• [Task prompt] Print each line exactly, from the one with "Appartement à vendre" to the very last line of the listing, and keep the pictures out.

• [Input material]
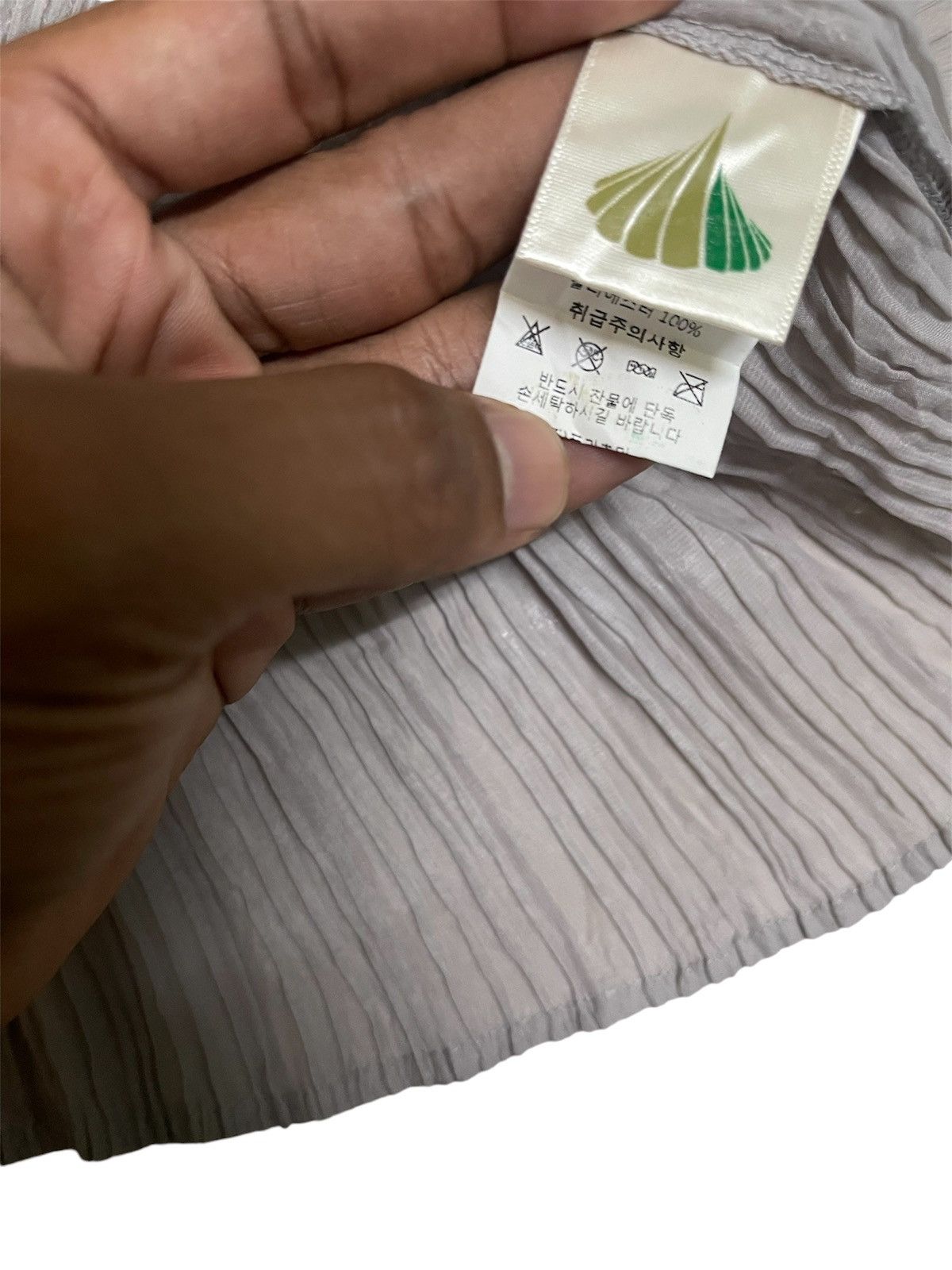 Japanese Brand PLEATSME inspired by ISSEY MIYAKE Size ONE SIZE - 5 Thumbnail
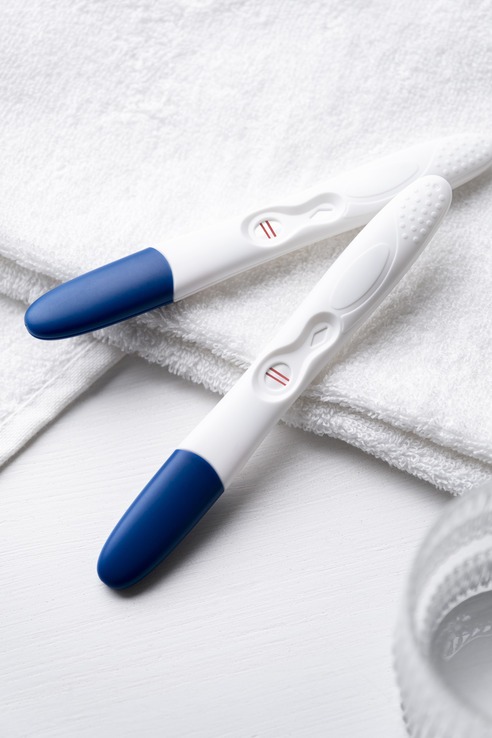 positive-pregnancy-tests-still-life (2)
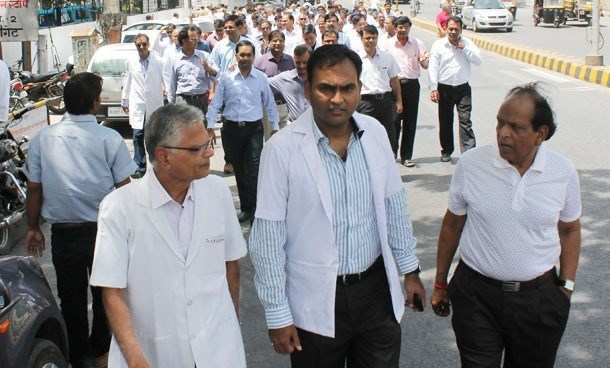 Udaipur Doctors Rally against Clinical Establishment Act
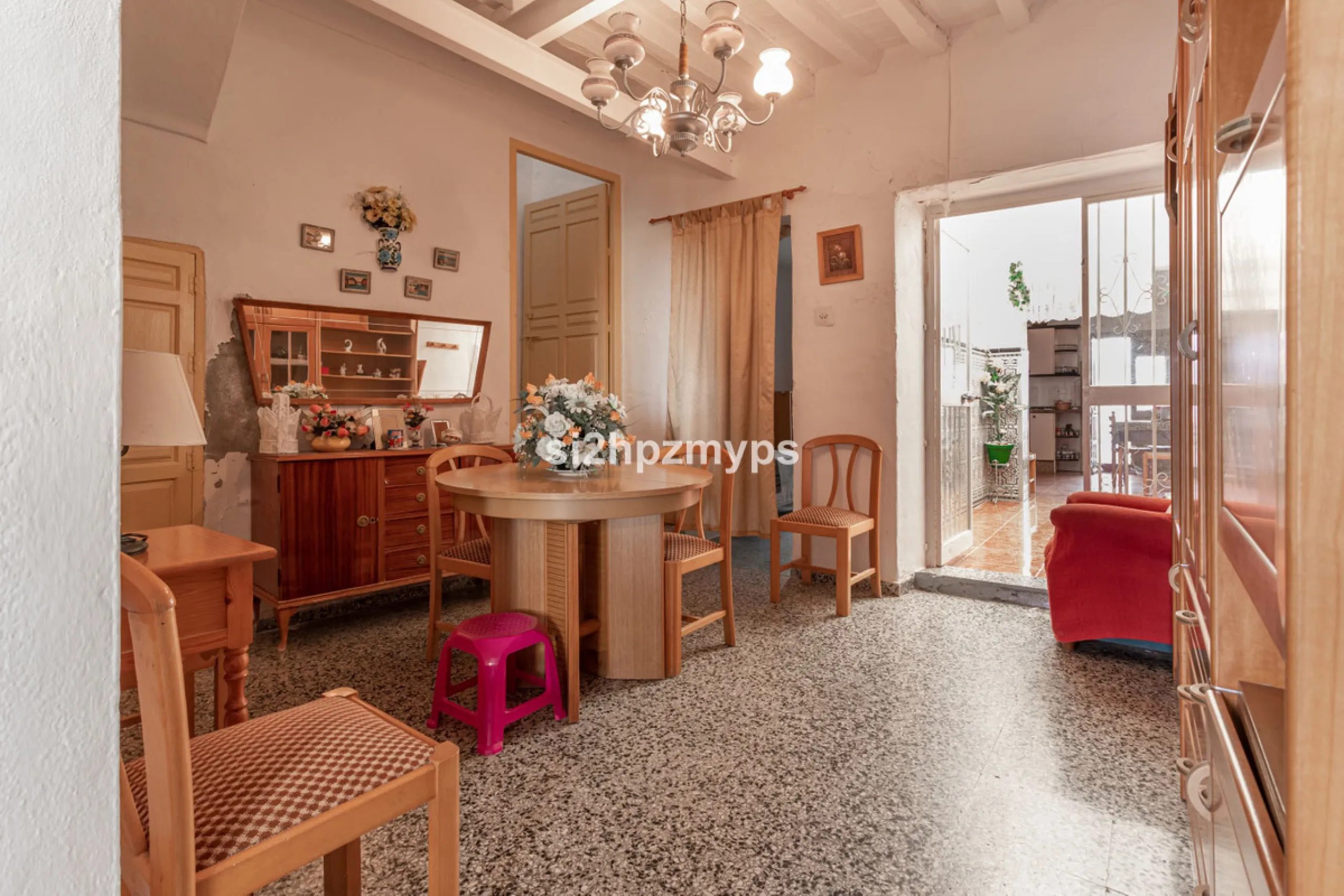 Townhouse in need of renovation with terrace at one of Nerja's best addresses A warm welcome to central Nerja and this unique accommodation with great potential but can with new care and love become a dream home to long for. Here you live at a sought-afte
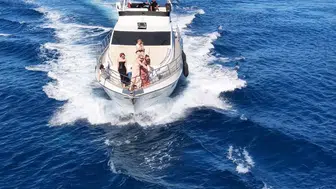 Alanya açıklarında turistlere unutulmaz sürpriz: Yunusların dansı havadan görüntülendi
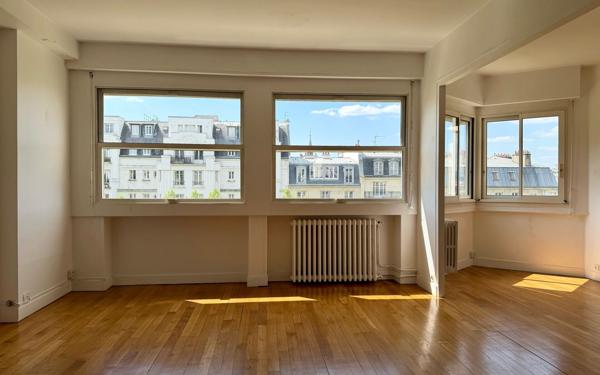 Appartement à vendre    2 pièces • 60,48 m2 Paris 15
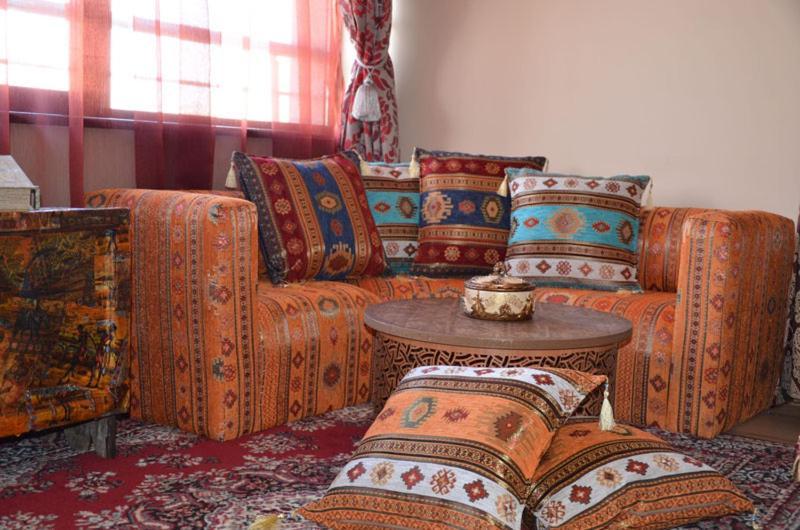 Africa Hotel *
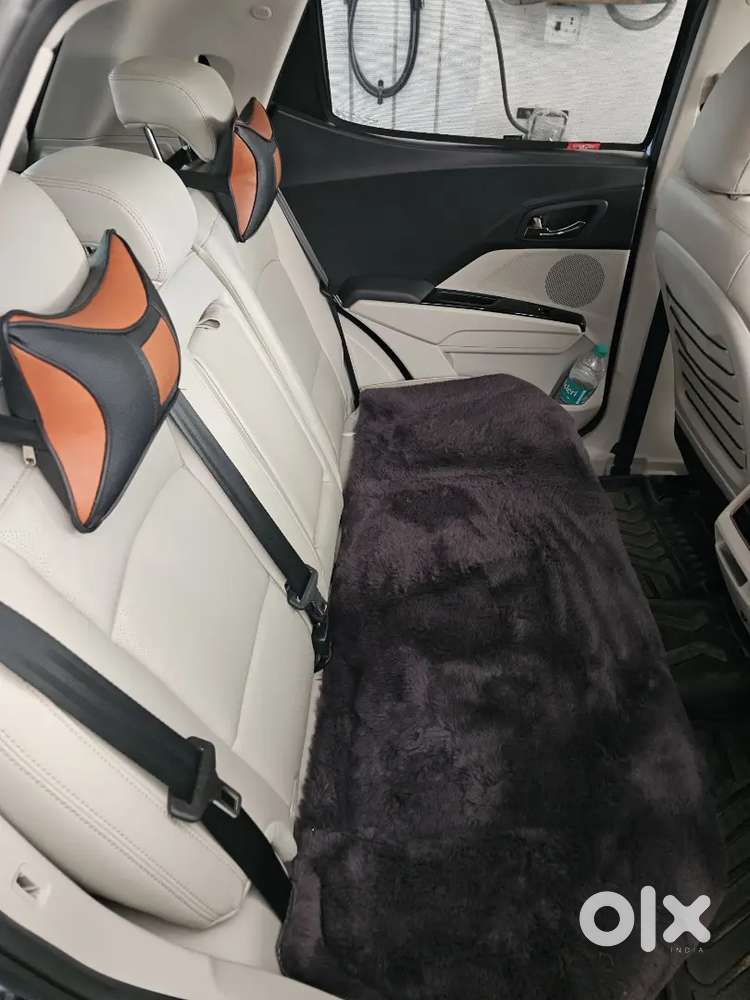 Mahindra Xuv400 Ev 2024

• [Answer box]
 Appartement à vendre    2 pièces • 60,48 m2 Paris 15
 Africa Hotel *
 Mahindra Xuv400 Ev 2024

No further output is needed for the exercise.